◆ PROBLEM:
When you copy the material below, keep every line exact and drop the pictures.

◆ THE RECORDS:
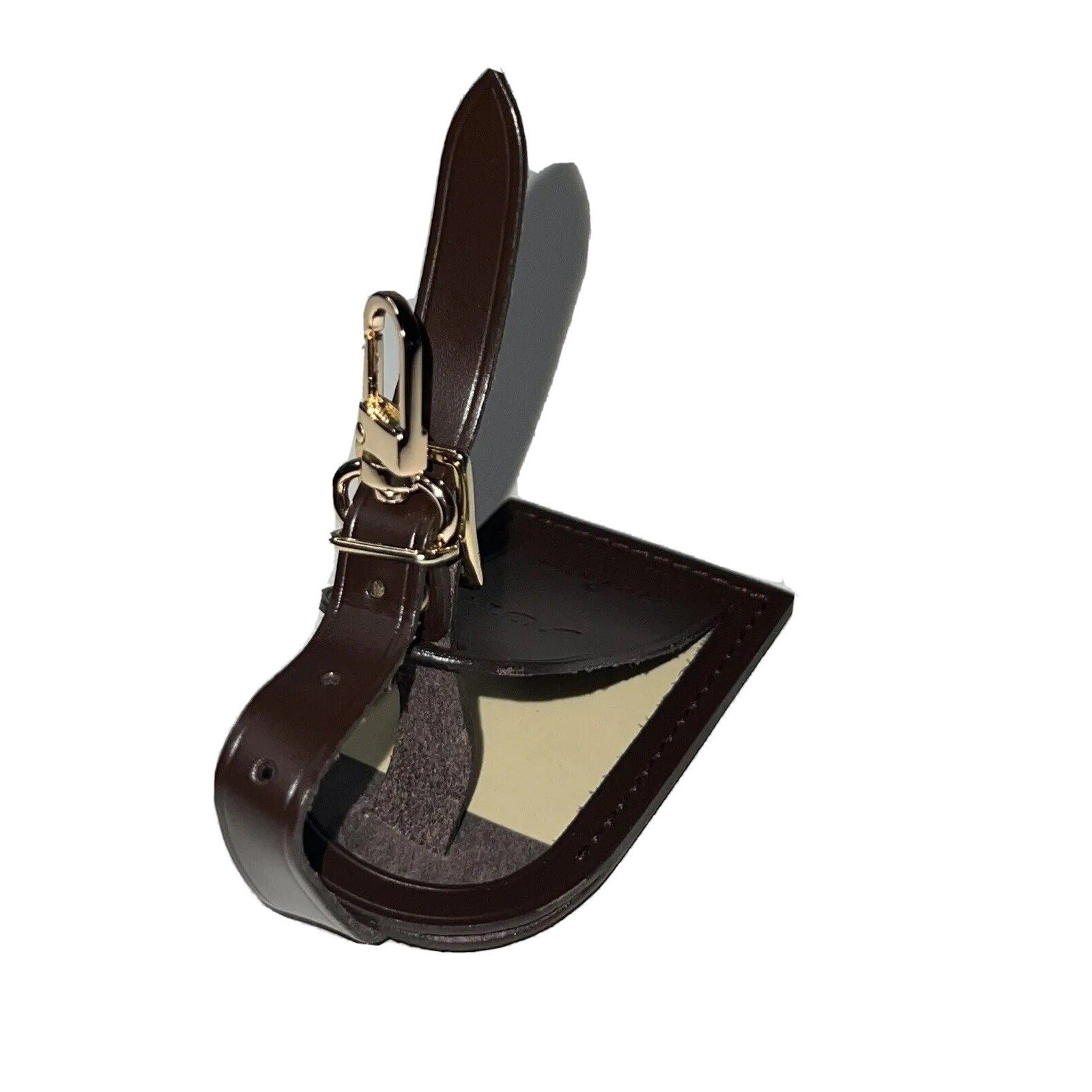 Louis Vuitton Name Tag w/ JUN ID Initials Damier Ebene Leather Goldtone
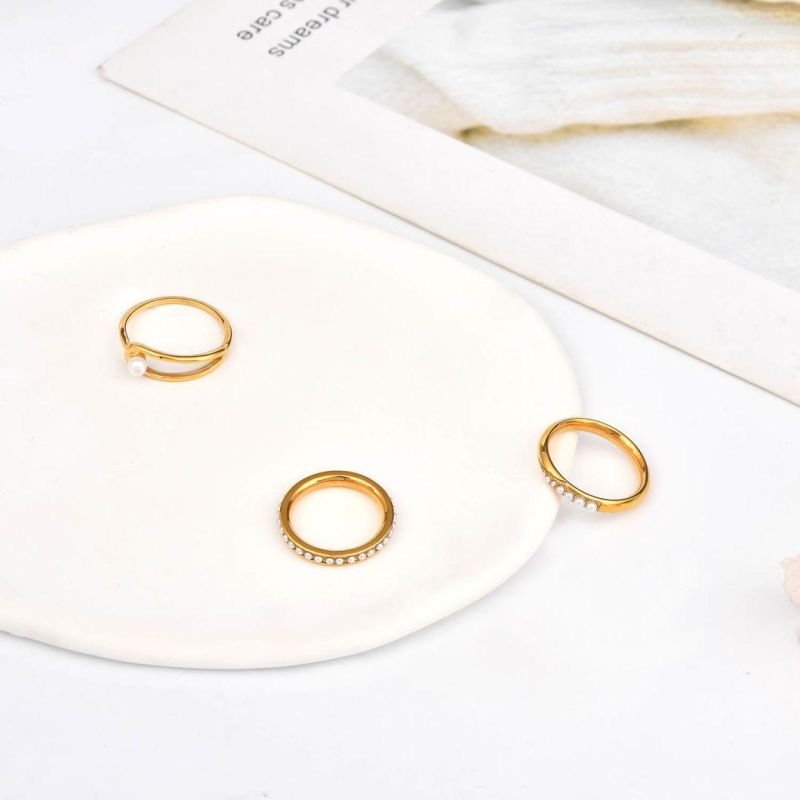 Fashion Light Luxury Jewelry waterproof 18K Gold Plated Stainless Steel Pearl Rings for Gril Gift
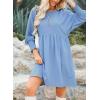 imageDokotoo Womens Summer Dresses Casual Tunic Dress Short Sleeve Crew Neck Flowy Babydoll DressSky Blue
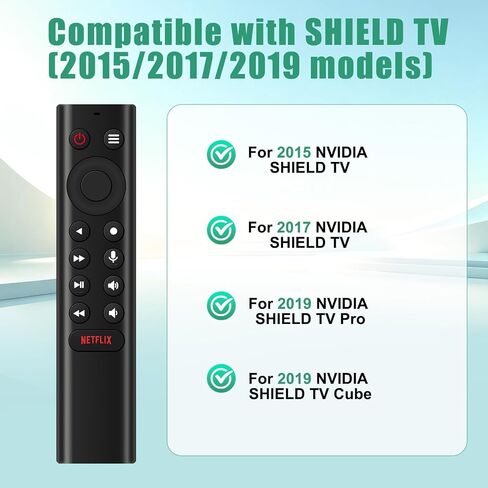 Voice Remote Control for NVIDIA Shield TV and Shield TV Pro, Compatible with Streaming Players of 2015, 2017 and 2019 Models. Simple Pairing, Ready to use as Soon as You get it in Saudi Arabia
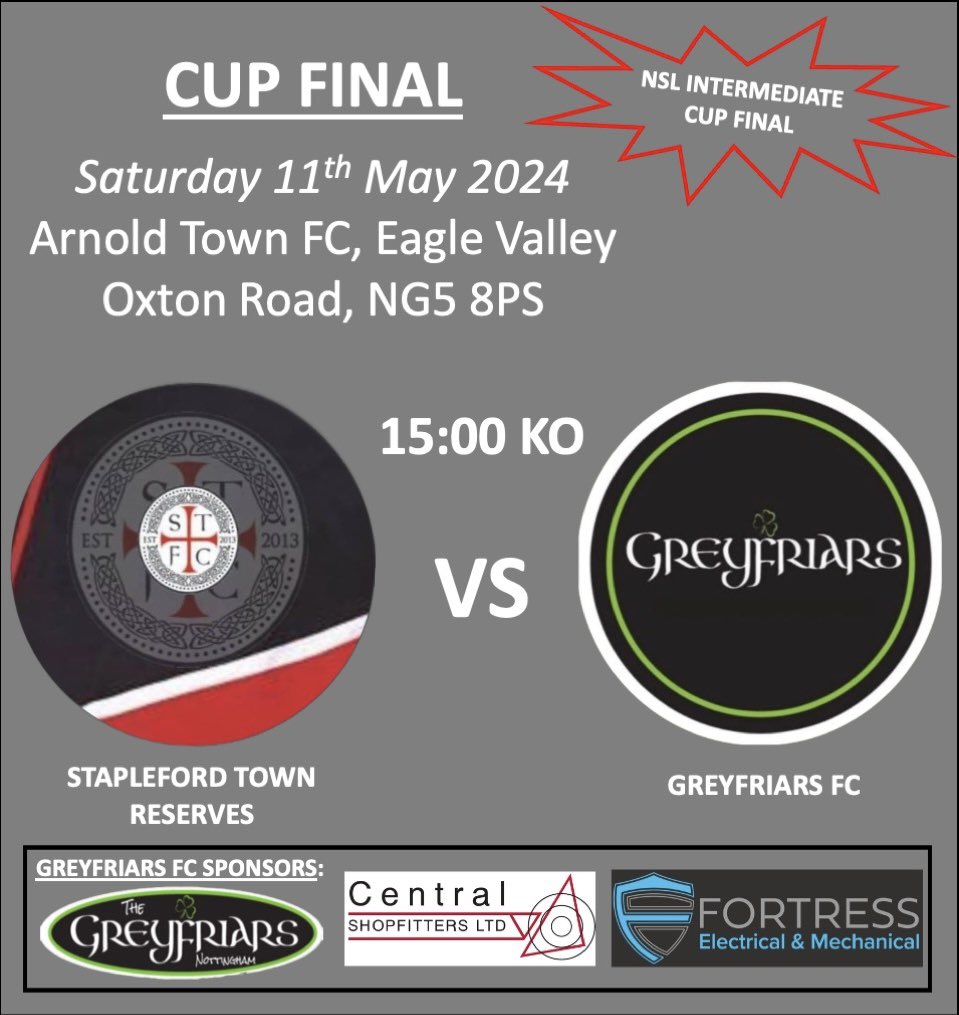 Our final fixture of the year has been announced by the NSL - and it is our Cup Final! Please see the details on the posted below. All support is welcome! We will be having drinks after at the Greyfriars Social Club. UTF 💚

◆ EXERCISE OUTPUT:
 Louis Vuitton Name Tag w/ JUN ID Initials Damier Ebene Leather Goldtone
 Fashion Light Luxury Jewelry waterproof 18K Gold Plated Stainless Steel Pearl Rings for Gril Gift
 imageDokotoo Womens Summer Dresses Casual Tunic Dress Short Sleeve Crew Neck Flowy Babydoll DressSky Blue
 Voice Remote Control for NVIDIA Shield TV and Shield TV Pro, Compatible with Streaming Players of 2015, 2017 and 2019 Models. Simple Pairing, Ready to use as Soon as You get it in Saudi Arabia
 Our final fixture of the year has been announced by the NSL - and it is our Cup Final! Please see the details on the posted below. All support is welcome! We will be having drinks after at the Greyfriars Social Club. UTF 💚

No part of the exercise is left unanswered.